Verfehlt der Gebäudesektor in dieser Größenordnung die EU-Vorgabe, so besagt die Klimaschutz-Verordnung: Die Überschreitung kostet das Mitgliedsland Geld, es hat die Differenz nämlich auszugleichen, durch Einkäufe von Emissionsrechten bei anderen Mitgliedstaaten, eine geringe Menge darf man auch aus dem EU ETS dazukaufen. Dessen Preise werden von Experten auf die mittlere Frist im Schnitt bei etwa 100 €/t CO2 gesehen.

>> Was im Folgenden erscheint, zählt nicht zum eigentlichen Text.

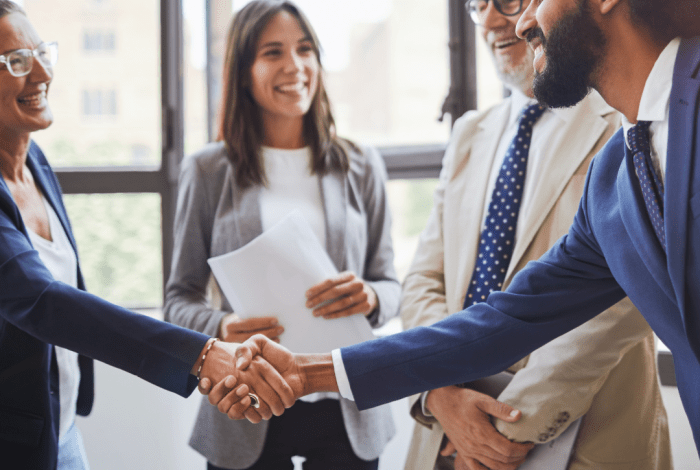 business people meeting and man shaking someone hand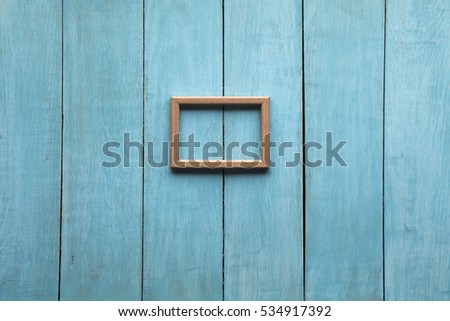 old wooden photo frame on blue wooden wall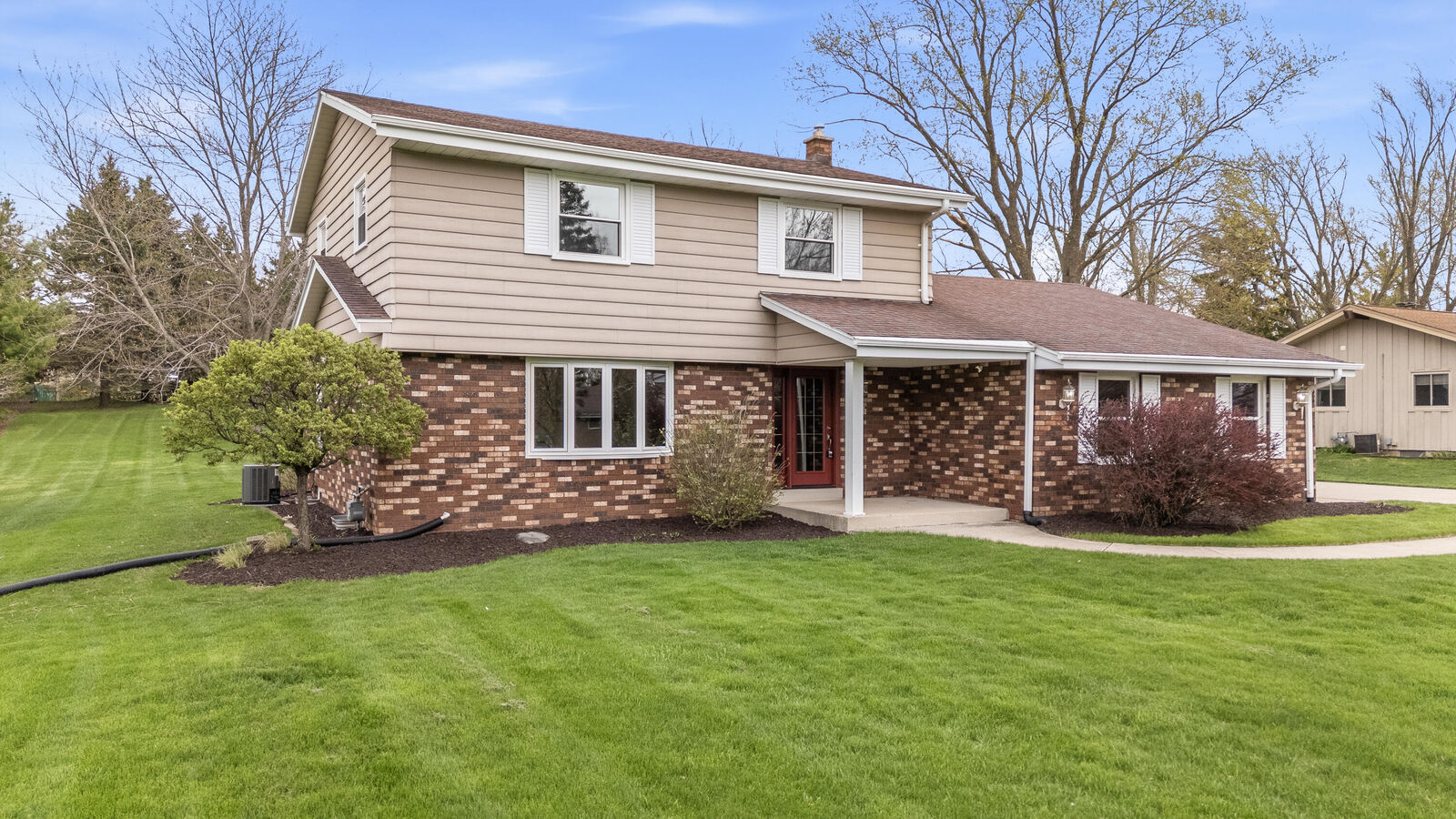 Property Photo:  W153n9830 Neptune Dr  WI 53022 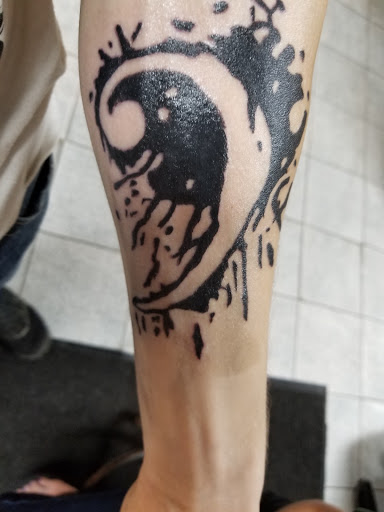 Explore boxer dog tattoo ideas, creative tattoo ideas in Lebanon, available at Chucks Tattooing & Body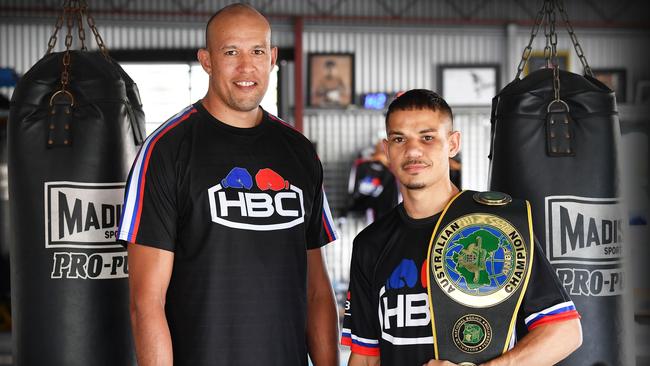 Beerwah boxer Dana Coolwell (right) pictured with coach Stephan Pitt after winning the Australian Super-Featherweight title. Photo: Patrick Woods.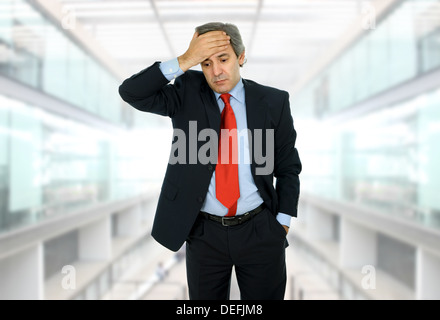 Businessman in a suit gestures with a headache Stock Photo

Die Lücke im Gebäudesektor droht den Staat also etwa 5 Mrd. € zu kosten. Zu dem Seltsamen an der nun gelaufenen „Debatte“ in Deutschland gehört, dass dieses Aufs-Spiel-Setzen von Geld der nächsten Regierung niemand dem Finanzminister der amtierenden Regierung vorhält. Weder Medien, noch Klimaexpertenrat, noch Opposition machen ihm diese Rechnung auf. Dabei will die Ampel-Regierung nach eigenem Anspruch längerfristig im Amt bleiben – der Budgeteffekt wird ihr im Erfolgsfalle bei der Wahl 2025 auf die eigenen Füße fallen.